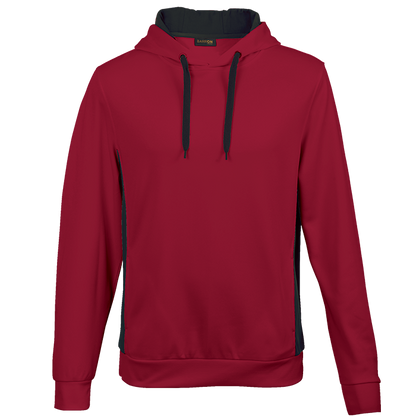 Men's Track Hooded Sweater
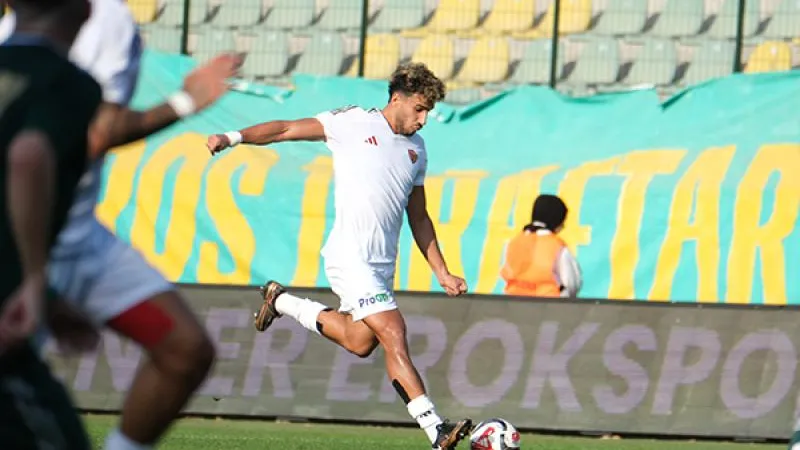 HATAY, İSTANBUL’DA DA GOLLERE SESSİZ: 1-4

=====

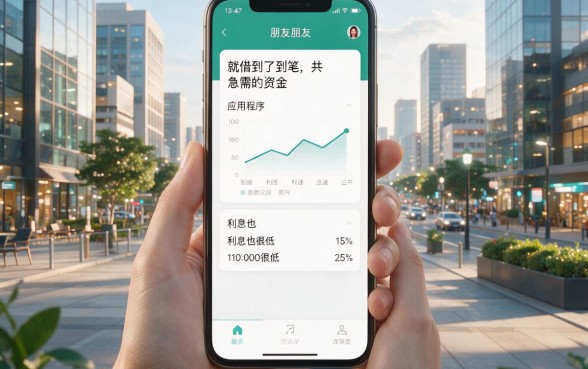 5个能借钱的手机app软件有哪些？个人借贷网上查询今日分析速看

=====

Work item -
Word for word, repeat the lines above from the one with "Men's Track Hooded Sweater" through the one with "HATAY, İSTANBUL’DA DA GOLLERE SESSİZ: 1-4", and nothing beyond them. Omit the pictures.

Solution below -
 Men's Track Hooded Sweater
 HATAY, İSTANBUL’DA DA GOLLERE SESSİZ: 1-4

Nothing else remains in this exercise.